| What needs to be done |
Set down again exactly the lines of the listing below that fall between the line holding "Carrara White Metallic" and the line holding "نائب محافظ الجيزة", inclusive.

| Material shown |

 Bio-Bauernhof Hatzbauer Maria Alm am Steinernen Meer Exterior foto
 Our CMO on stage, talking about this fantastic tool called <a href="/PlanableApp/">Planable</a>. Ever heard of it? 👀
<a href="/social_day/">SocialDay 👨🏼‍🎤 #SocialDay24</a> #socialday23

--

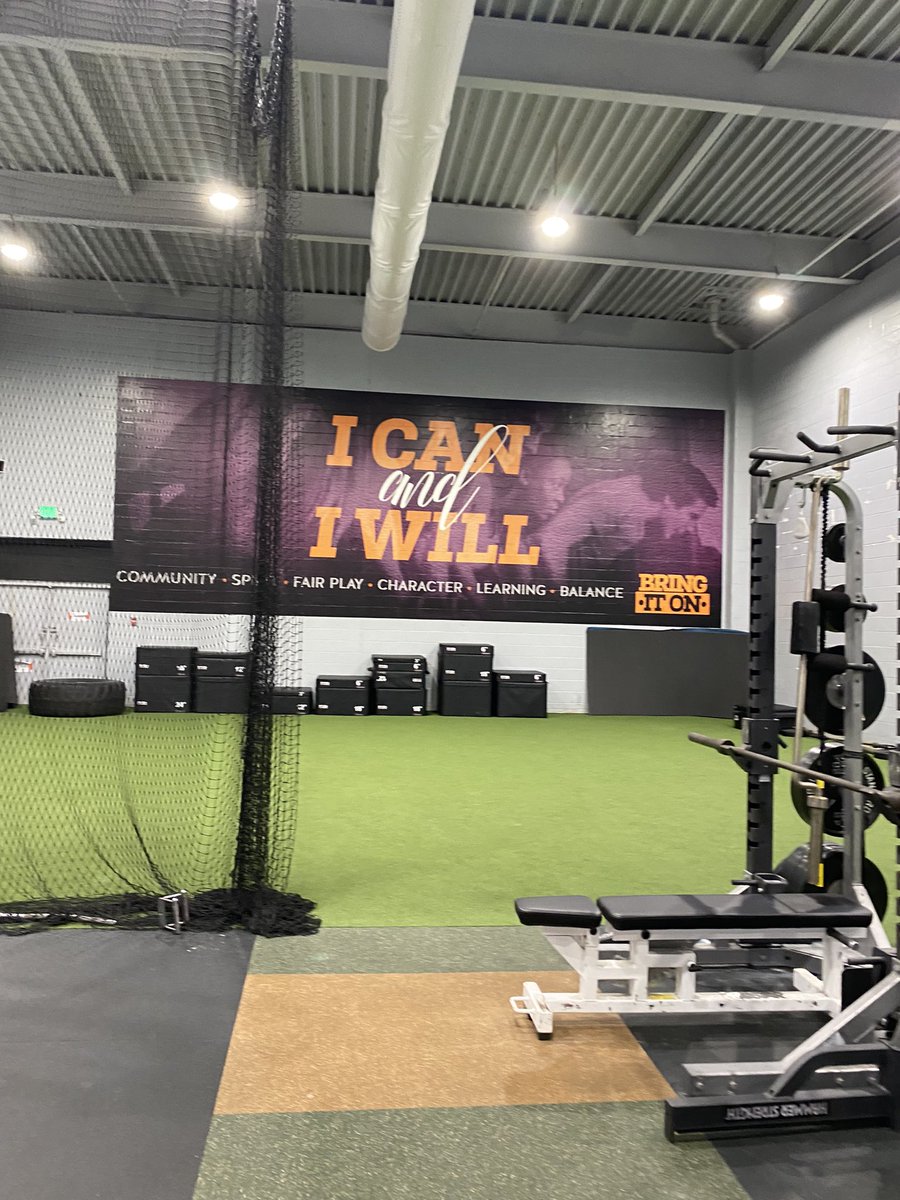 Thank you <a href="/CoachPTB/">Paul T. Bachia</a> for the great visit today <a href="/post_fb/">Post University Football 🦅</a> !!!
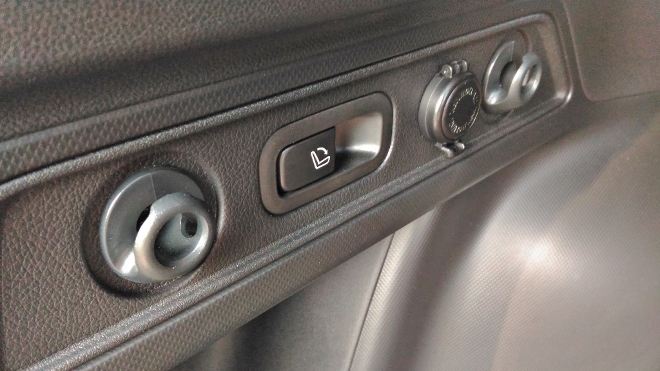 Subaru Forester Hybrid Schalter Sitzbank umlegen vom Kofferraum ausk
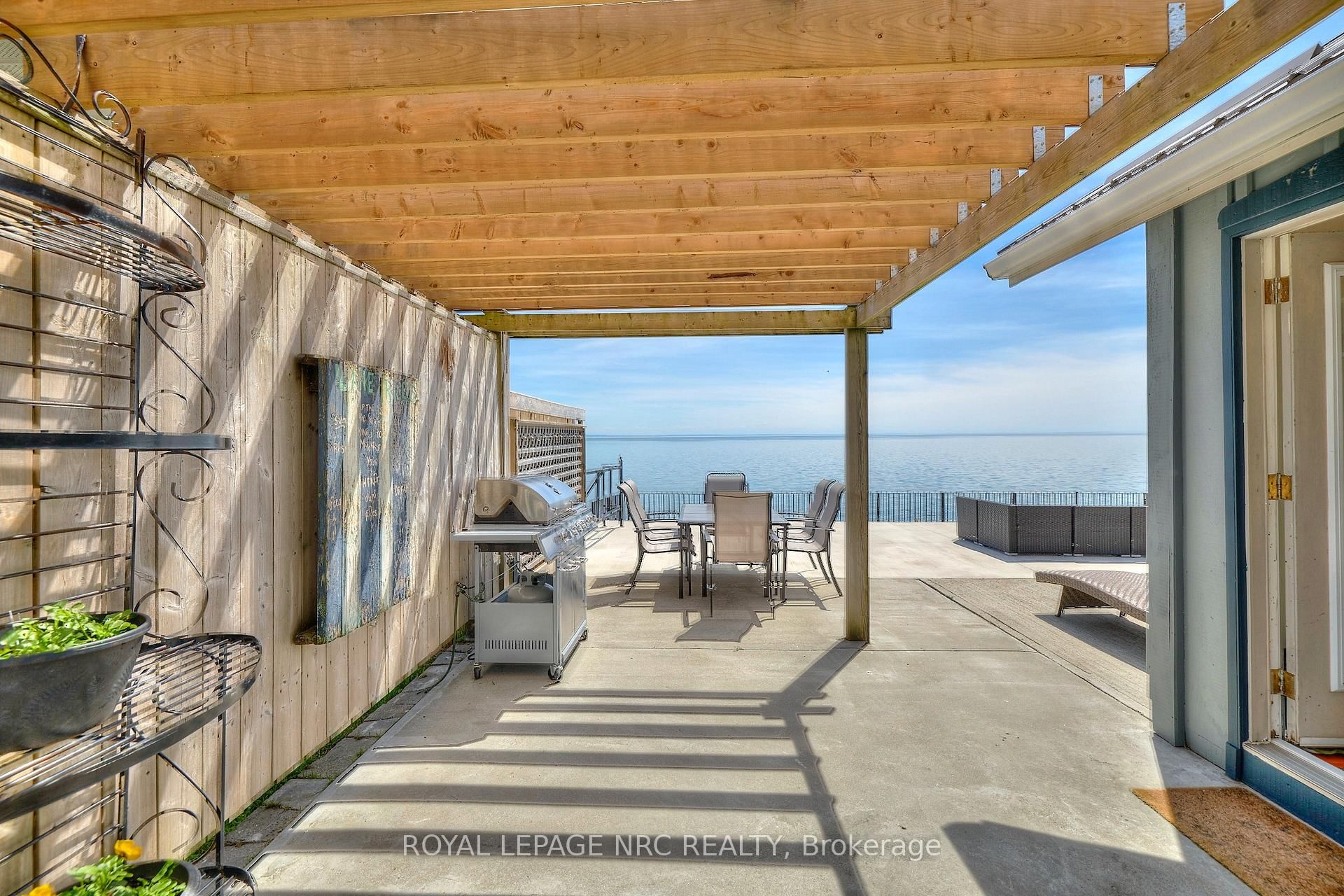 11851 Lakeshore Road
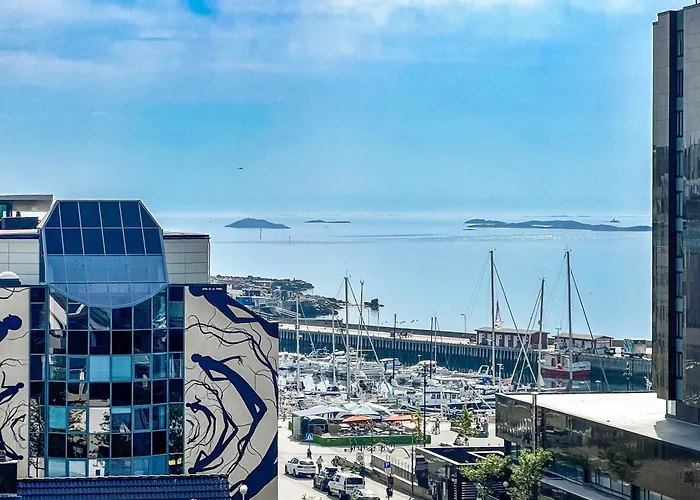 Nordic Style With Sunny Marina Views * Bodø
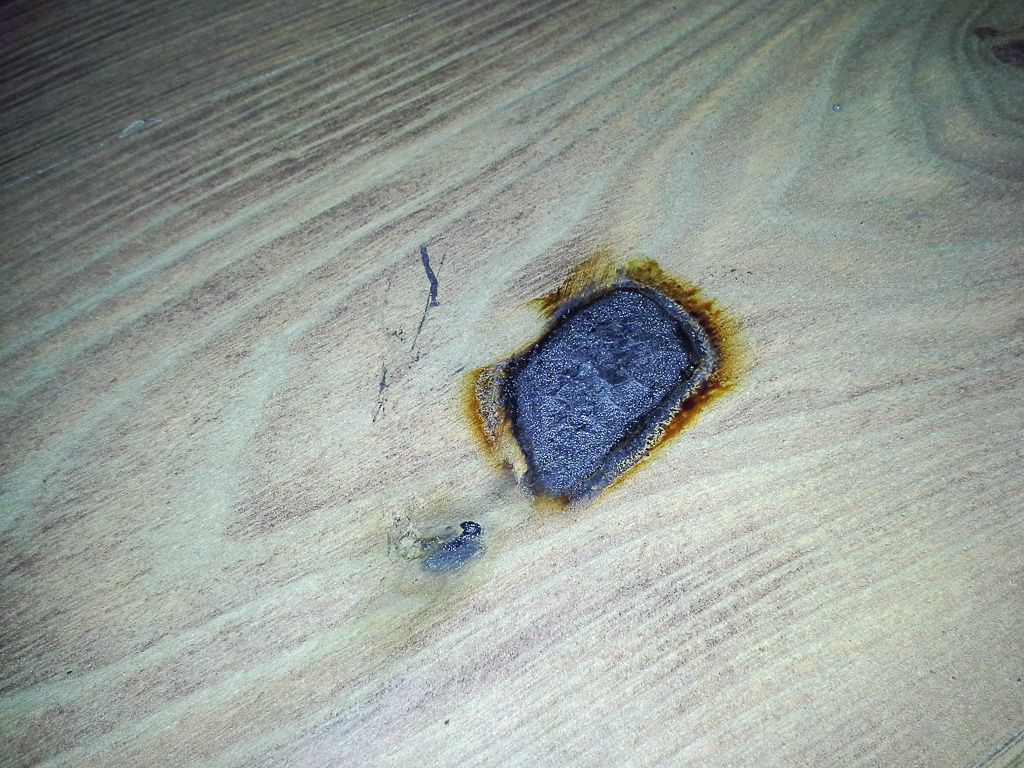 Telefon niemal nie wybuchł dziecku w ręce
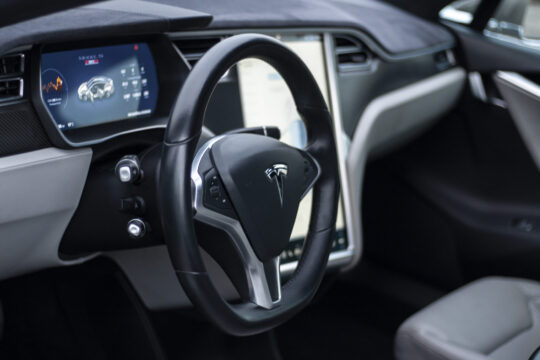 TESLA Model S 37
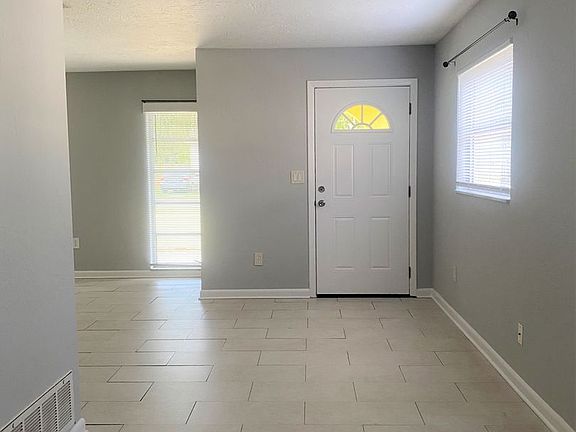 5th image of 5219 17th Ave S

--

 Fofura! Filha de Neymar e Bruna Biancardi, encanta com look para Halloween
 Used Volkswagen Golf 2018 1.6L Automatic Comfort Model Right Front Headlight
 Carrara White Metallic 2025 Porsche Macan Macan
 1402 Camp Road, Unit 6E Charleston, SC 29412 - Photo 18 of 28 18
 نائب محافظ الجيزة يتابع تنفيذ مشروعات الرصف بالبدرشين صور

| Result below |
 Carrara White Metallic 2025 Porsche Macan Macan
 1402 Camp Road, Unit 6E Charleston, SC 29412 - Photo 18 of 28 18
 نائب محافظ الجيزة يتابع تنفيذ مشروعات الرصف بالبدرشين صور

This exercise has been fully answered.